Search code examples
pythoncelerycoroutineeventlet

Can celery cooperatively run coroutines as stateful/resumable tasks?


I'm currently investigating Celery for use in an video-processing backend. Essentially my problem is as follows:

  1. I have a frontend web server that concurrently processes a large number of video streams (on the order of thousands).
  2. Each stream must be processed independently and in parallel.
  3. Stream processing can be divided into two types of operations:
    1. Frame-by-frame operations (computations that do not need information about the preceding or following frame(s))
    2. Stream-level operations (computations that work on a subset of ordered, adjacent frames)

Given point 3, I need to maintain and update an ordered structure of frames throughout the process and farm computations on subsections of this structure to Celery workers.

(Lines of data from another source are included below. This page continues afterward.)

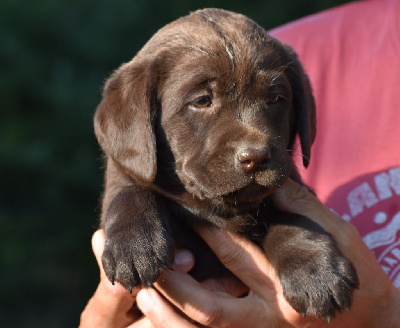 CHIOT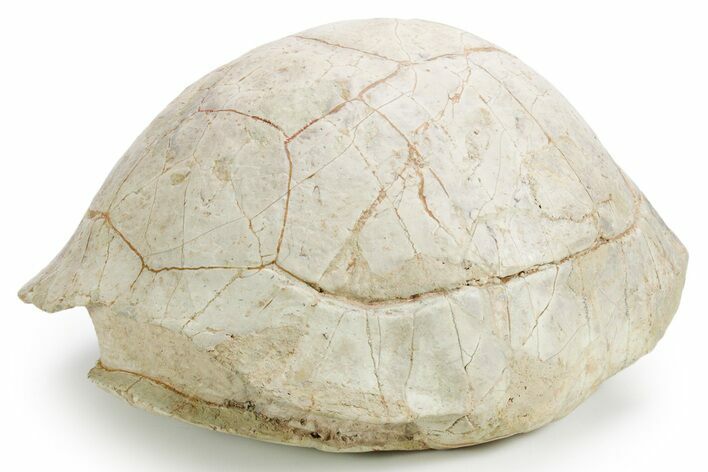 Inflated Fossil Tortoise (Stylemys) - South Dakota #355526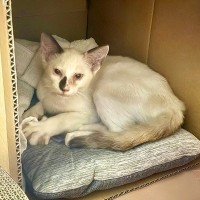 大雨を生き抜いて保護された、ボロボロで鋭い目つきの子猫→２週間後…別猫級の『ビフォーアフター』が34万表示「ふっくら」「可愛さ増した」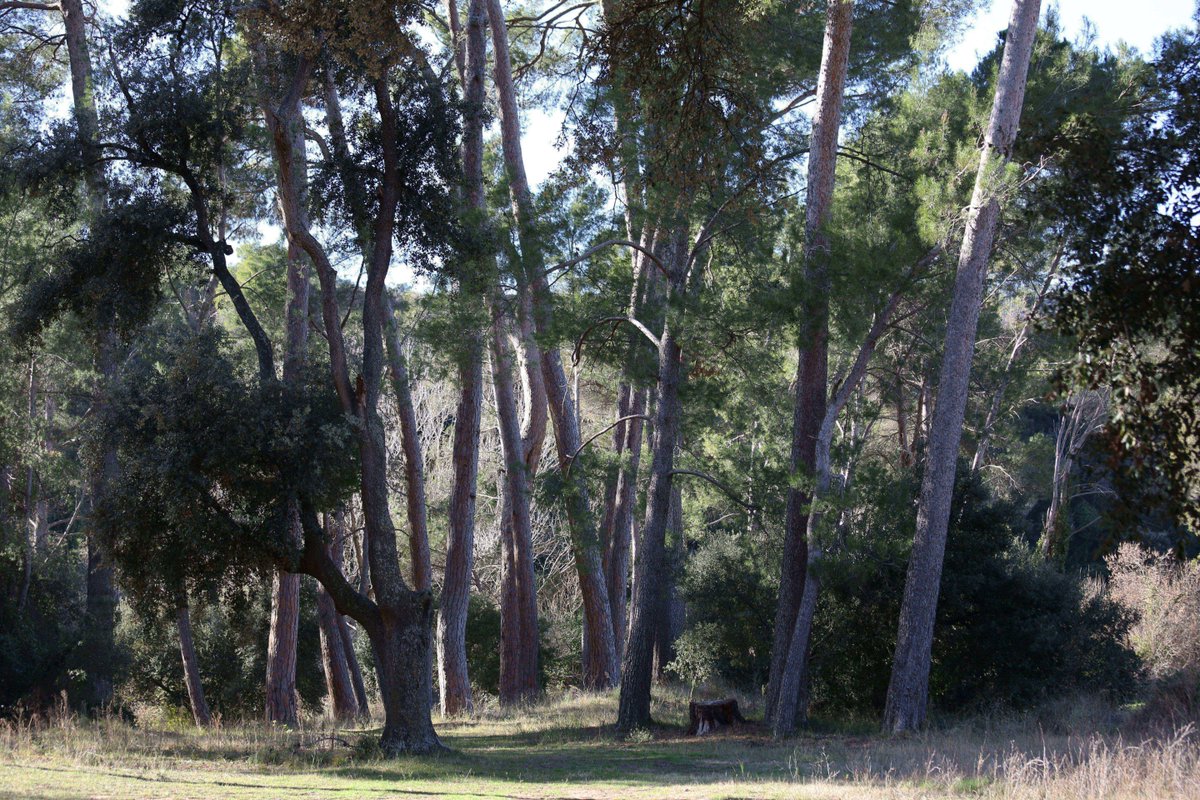 Anoia Turisme tweet media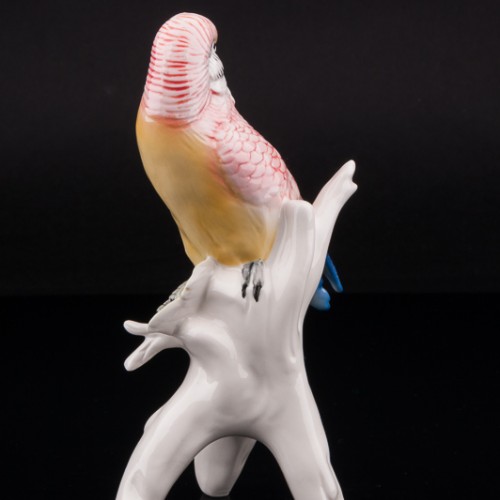 Волнистый попугай, Karl Ens, Германия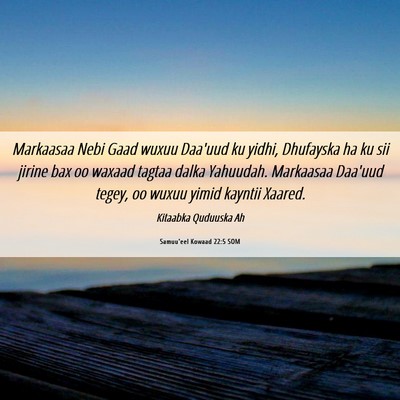 Picture 06 - Samuu'eel Kowaad 22:5 SOM - Markaasaa Nebi Gaad wuxuu Daa'uud ku yidhi, - Bible Verse Picture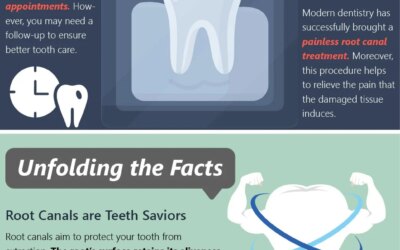 Shedding Light on the Myths and Facts about The Root Canals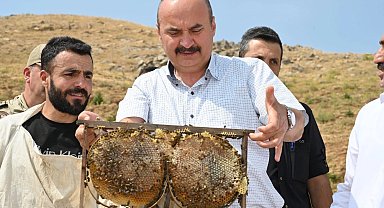 Batman Sason'da bal hasadı coşkusu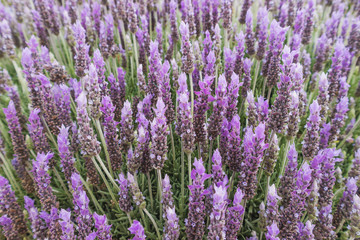 Fototapeta na wymiar Close-up of lavender flowers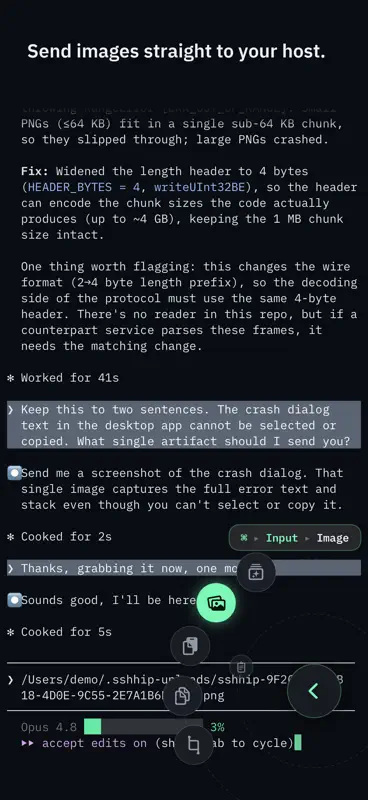 SSHHIP - Modern SSH Client screenshot 4 of 6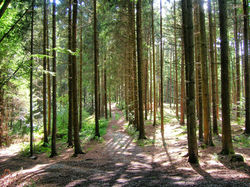 forest-100422_1280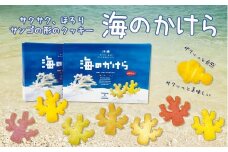 海のかけらクッキー 1箱8個入り2箱セット
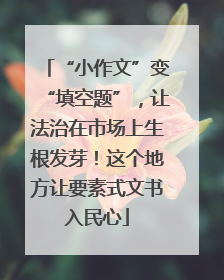“小作文”变“填空题”，让法治在市场上生根发芽！这个地方让要素式文书入民心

Initially, I thought about organizing things as follows:

[frontend server]  -stream-> [celery worker 1 (greenlet)] --> [celery worker 2 (prefork)]

The idea is that celery worker 1 executes long-running tasks that are primarily I/O-bound. In essence, these tasks would only do the following:

  1. Read a frame from the frontend server
  2. Decode the frame from it's base64 representation
  3. Enqueue it in the aforementioned ordered data structure (a collections.deque object, as it currently stands).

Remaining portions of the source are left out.